The Problem With Restructuring

Debt restructuring is a viable option that would allow the Greek government to continue operating, but it’s a very unlikely scenario.

Given the history of Greece’s financial problems, creditors are unwilling to assist in a restructuring because they fear it would only cause Greece to make the same mistakes again.

They believe it would create an increase in spending, and wipe out any of the much needed leverage to force the reforms that are needed. The economic situation in Greece is dire, and any concession by the lending authorities is believed to create an atmosphere of fiscal irresponsibility.

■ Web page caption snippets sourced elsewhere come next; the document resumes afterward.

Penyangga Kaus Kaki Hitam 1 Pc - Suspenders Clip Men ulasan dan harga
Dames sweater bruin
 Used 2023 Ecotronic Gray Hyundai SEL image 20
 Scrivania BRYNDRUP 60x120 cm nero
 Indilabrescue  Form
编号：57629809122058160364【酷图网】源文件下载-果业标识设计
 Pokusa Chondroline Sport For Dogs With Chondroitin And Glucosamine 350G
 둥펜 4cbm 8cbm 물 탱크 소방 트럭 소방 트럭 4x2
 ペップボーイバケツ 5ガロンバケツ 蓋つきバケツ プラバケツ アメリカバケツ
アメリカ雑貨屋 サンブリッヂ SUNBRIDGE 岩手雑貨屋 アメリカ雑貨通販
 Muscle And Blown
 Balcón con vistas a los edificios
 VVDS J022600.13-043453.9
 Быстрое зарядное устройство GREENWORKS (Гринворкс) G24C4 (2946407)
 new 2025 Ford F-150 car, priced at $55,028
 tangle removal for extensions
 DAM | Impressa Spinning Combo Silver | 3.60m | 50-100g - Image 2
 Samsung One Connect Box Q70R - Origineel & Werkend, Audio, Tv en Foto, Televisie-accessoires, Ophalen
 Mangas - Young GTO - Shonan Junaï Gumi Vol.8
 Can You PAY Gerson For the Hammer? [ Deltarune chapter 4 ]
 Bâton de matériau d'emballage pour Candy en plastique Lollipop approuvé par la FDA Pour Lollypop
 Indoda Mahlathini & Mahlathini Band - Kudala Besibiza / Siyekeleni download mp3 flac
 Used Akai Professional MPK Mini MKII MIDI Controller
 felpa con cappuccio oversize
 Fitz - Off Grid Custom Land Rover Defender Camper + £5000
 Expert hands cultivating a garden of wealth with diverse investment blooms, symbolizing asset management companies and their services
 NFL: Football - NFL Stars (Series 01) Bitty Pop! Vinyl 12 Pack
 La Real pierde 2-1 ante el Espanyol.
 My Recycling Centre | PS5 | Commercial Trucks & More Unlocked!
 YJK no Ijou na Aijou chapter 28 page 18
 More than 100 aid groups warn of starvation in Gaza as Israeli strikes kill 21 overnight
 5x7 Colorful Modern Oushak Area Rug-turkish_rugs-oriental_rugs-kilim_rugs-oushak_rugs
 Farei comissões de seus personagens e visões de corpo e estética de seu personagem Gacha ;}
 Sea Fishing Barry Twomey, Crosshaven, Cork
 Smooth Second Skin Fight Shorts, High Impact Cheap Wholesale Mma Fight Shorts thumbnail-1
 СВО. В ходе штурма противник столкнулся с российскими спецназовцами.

Downsize Future Liabilities

Since many believe that Greece can’t address it’s economic problems, the solution from creditors seems to be to reduce the total future liabilities. This way, when the inevitable shoe drops, creditors can better shield themselves from the aftermath. Creditors are asking for additional surpluses, and they want Athens to cut spending on items like pensions and other easily downsized options. If Greek agrees to these conditions, the creditors are willing to extend additional credit to help with a financial restructuring.

The Situation in Greece

As of June 30, 2015, the ATMs in Greece were emptied by customers. While this isn’t the only pressing issue, customers not being able to access their money spells big trouble for everyone. If the Greek banks default, that money can’t be adequately guaranteed by the government. Since creditors are unwilling to offer additional credit, citizens of Greece are going to find themselves in a continually devolving economy. This financial meltdown will have a worldwide impact on every country’s ability to buy and sell.

As Greece Crumbles, So Does the Internet

If Greece can’t pull itself out of it’s default, the entire digital infrastructure that the world relies upon and effects how money moves will be affected.

When digital reserves are greater than money in the banks, cash becomes king again.

Since there is not enough cash in the entire world to cover all of the world’s debts, this could be bad news for your virtual savings and your ability to access your funds.

Greece could create a situation where having money in your bank account is not the same thing as having cash in hand.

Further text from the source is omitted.